LOUISVILLE, Kentucky — Democratic gubernatorial candidate Jack Conway said Thursday he is willing to campaign for expanded gambling as a way to raise revenue for essential state programs, and hasn't given up on getting the long-stymied proposal through Kentucky's General Assembly.
Conway, the state's attorney general, pointed to preschools and post-secondary education as two potential beneficiaries of revenue generated by legalizing casino-style gambling in an era of lean state budgets.
Current Democratic Gov. Steve Beshear, in his second term, has been an outspoken supporter of allowing casino-style gambling in Kentucky, but efforts to put the issue on the ballot for voters to decide have been thwarted in the politically divided legislature.
"It's a potential for new revenue," Conway said in an interview after speaking to a group of local officials from across Kentucky. "It's something that I want to talk to the people of Kentucky about, and I think ought to be on the ballot."
Republican James Comer, another potential candidate for governor in 2015, later said he too supports putting the issue on the ballot.
"It's clear to me, traveling the state, the majority of people want to vote on it," Comer said in an interview after speaking to the same group. "It's an issue that's haunted Republicans for the last two governor's races."
But Comer, the state's agriculture commissioner, said he doesn't plan to stress the issue if he enters the campaign.
"I don't want the governor's race to be about expanded gaming," he said. "We need to focus on other issues."

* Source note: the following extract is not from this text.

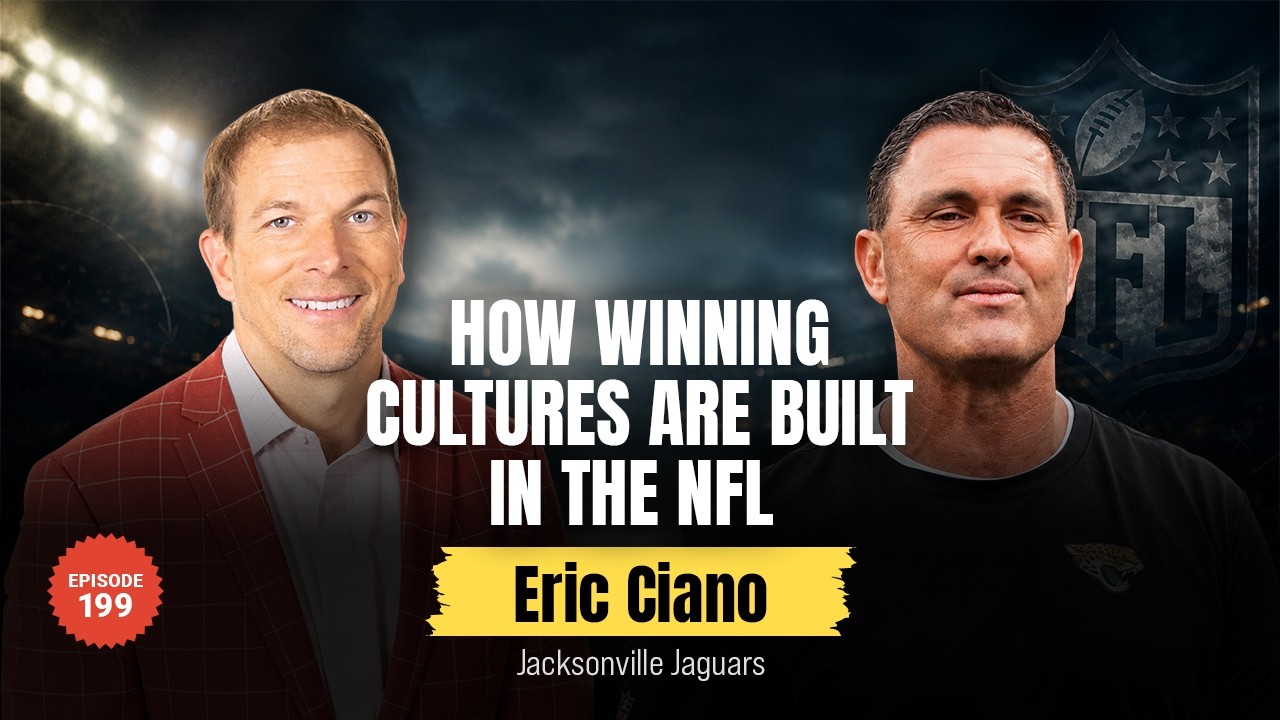 video thumbnail for '🏈 How Winning Cultures Are Built In The NFL 🏈'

Conway acknowledged the moral concerns surrounding the gambling issue in this Bible-Belt state, but said Kentucky is already home to pari-mutuel wagering, a lottery, and charitable gaming. Meanwhile, potential revenue is siphoned away as Kentuckians go to casinos in neighboring states, he said.
"We have all the ills of it but none of the benefits of it," Conway said.
He held out hope of bringing up the gambling issue in the legislature, including the GOP-led state Senate. Conway said that Senate President Robert Stivers is "fair-minded" and willing to talk to him about issues.
"I think politically, there's an opportunity to at least get a vote on this in the Senate," Conway said.
House Speaker Greg Stumbo, another potential Democratic gubernatorial candidate, recently said the prospects for expanded gambling were damaged by Churchill Downs' contributions to a political action committee working to elect conservatives to the legislature.
Meanwhile, Comer used part of his speech Thursday to promote right-to-work legislation as a way to improve Kentucky's competitiveness in attracting jobs.
"It sends a signal to manufacturing that we're serious: This is a state that's focused on having a business-friendly environment," he said.
Kentucky's last GOP governor, Ernie Fletcher, failed in his push for legislation that would let Kentucky workers opt out of union representation.
Prospects for the proposal would improve if Republicans win control of the state House this fall, which would consolidate their control of the legislature. Comer suggested a compromise if Democrats retain power in the House — giving cities the option to adopt their own right-to-work ordinances.
Comer also called for a review of state incentives for job-creating projects. He said incentives should only be given to companies that pay good wages.
"We give incentives in Kentucky to businesses that don't pay living wages," he said.